Derivative of trace of antisymmetrical Matrix

59 Views Asked by At

it is easy to show that the derivative of the trace $Tr(A)$ with respect to $A$ if A is a N x N matrix, is

$\frac{\partial Tr(A)}{\partial A} = I_{N \times N}$

However, if I now assume A to be antisymmetric $a_{ij} = -a_{ji}$ the trace $Tr(A) = 0$ but with above result the derivative would still be $I_{N \times N}$ and not $= 0$.

In principle the above solution should not be depend on what properties $A$ has. Yet it seems like it does.

What am I missing here?

1

There are 1 best solutions below

1
On

$ \def\l{\lambda} \def\o{{\tt1}} \def\BR#1{\Big[#1\Big]} \def\LR#1{\left(#1\right)} \def\op#1{\operatorname{#1}} \def\trace#1{\op{Tr}\LR{#1}} \def\frob#1{\left\| #1 \right\|_F} \def\qiq{\quad\implies\quad} \def\qif{\quad\iff\quad} \def\p{\partial} \def\grad#1#2{\frac{\p #1}{\p #2}} \def\c#1{\color{red}{#1}} \def\CLR#1{\c{\LR{#1}}} \def\fracLR#1#2{\LR{\frac{#1}{#2}}} \def\gradLR#1#2{\LR{\grad{#1}{#2}}} $The utility of the gradient $(G)$ is that it can estimate (via a $\o^{st}$ order Taylor series) the change in the function $(f)$ which results from a small change $(dA)$ in the matrix argument $(A)$ $$\eqalign{ f\LR{A+dA} &= f\LR{A} \;&+\; \trace{G^TdA} \\ \trace{A+dA} &= \trace{A} \;&+\; \trace{dA} \\ }$$ where the last line sets $f\LR{A}=\trace{A}\,$ and $\,G=I,\:$ i.e. your particular function.

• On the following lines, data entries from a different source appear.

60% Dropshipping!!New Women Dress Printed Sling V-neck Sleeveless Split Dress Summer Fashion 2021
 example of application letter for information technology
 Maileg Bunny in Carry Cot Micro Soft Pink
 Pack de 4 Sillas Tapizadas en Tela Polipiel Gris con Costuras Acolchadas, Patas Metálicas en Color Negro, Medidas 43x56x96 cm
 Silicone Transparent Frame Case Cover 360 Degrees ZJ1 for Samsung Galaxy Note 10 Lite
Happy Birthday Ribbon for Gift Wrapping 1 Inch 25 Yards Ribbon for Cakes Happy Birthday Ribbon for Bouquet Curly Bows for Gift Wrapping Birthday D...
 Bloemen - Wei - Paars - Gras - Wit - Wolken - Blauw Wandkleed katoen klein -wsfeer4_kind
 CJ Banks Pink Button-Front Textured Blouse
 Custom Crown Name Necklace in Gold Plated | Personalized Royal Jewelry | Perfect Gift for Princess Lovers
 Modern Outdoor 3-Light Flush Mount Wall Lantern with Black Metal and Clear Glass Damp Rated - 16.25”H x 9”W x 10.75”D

If both $A$ and $dA$ are skew symmetric, then all of the terms in the Taylor series are zero $$\eqalign{ \trace{A} = \trace{dA} = 0 \qiq \trace{A+dA} = 0 \\ }$$ However, suppose you decide to explore a matrix direction $(dA)$ that is not skew symmetric. Amazingly, the Taylor series will still give you the correct estimate for this situation $$\eqalign{ \trace{A+dA} &= \trace{dA} \\ }$$ What if $dA$ is skew symmetric but $A$ isn't? Guess what, the Taylor series remains valid $$\eqalign{ \trace{A+dA} &= \trace{A} \\ }$$ And if neither $A$ nor $dA$ are skew symmetric, the Taylor series continues to work its magic $$\eqalign{ \trace{A+dA} &= \trace{A} \;+\; \trace{dA} \\ \\ }$$


Please note, I'm not poking fun at your question. In fact, I think it's a very important question. I'm just trying to emphasize that (as you suspected) the gradient $(G=I)\,$ doesn't depend on the symmetric properties of $A$.